Our client partner Bangabasi College is putting up a collection of their college questions papers from previous years as PDF files. You can have a glimpse of it by clicking here. The page that is being presented to the visitor to the OPAC is generated using a facility called “Koha as a CMS“. Now here is the thing, while the HTML required to display the scanned question paper PDF files is handled well by the “Koha as a CMS” functionality, it does not handle the part where we need to actually upload the PDF files into Bangabasi College’s Koha instance’s Apache2 DocumentRoot path.
So here is what we did. A normal SCP user account was created on the server hosting Bangabasi college account, into which the PDF files were uploaded into by the library staff users. However, after this, it required manual intervention from us, in order to move these files into the correct DocumentRoot path. We had created a folder QB for the question back under the DocumentRoot as /usr/share/koha/opac/htdocs/bangabasi/qb. And into this QB folder the uploaded PDF files were moved into by us.
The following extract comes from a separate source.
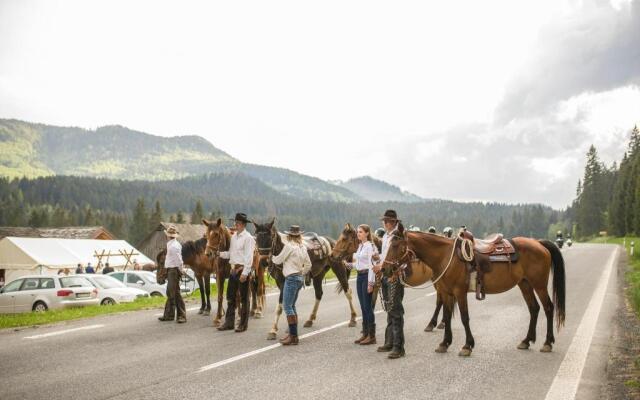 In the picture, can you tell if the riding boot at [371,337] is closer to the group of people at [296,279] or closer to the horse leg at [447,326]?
the group of people at [296,279]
But this created one problem, a big one. Our client was dependent on us at all times to move / sync the uploaded files into their final destination the QB folder. Also, if they needed to correct and re-upload a PDF file, they would again need us to help them move the corrected file into the DocumentRoot location. So, basically if we were not available for any reason, we would be holding them up from updating / uploading their own files into their hosted Koha. While our client was happy with how things were happening, to us, this was clearly not at all a desirable situation.
Our client was already using Google Drive and that’s when we figured than instead of simply using the Google Drive for backup, we could also use it to allow our client to do direct, independent uploads – their data in their own hands at all times. And thus this experiment.
Setting it all up
1) We created a folder named “qb” on Bangabasi College’s Google drive.
2) Next on the server within the folder /usr/share/koha/opac/htdocs/bangabasi we ran the command drive init. This asked us to authorize the google drive command line client and fetch the API key, which is what we did after logging in into Bangabasi college library’s gmail account. The API key was copied from the browser and pasted back into the command line. Basically what this did was to create a hidden directory named .gd under /usr/share/koha/opac/htdocs/bangabasi and create a file there called credentials.json. This completed the authentication setup with bangabasi’s google drive account.
3) Lastly, we set up the following cron job as the root user:
Now whenever a library staff user uploads a PDF file into their Google drive’s qb folder, every 5 minutes the cron job on our server will check if there is a new file on the remote Google drive. If there is, then the new file(s) are pulled down automatically onto the /usr/share/koha/opac/htdocs/bangabasi/qb. In this case for instance 125 .pdf files totaling in at about 19 MB were pulled down in ~18 seconds.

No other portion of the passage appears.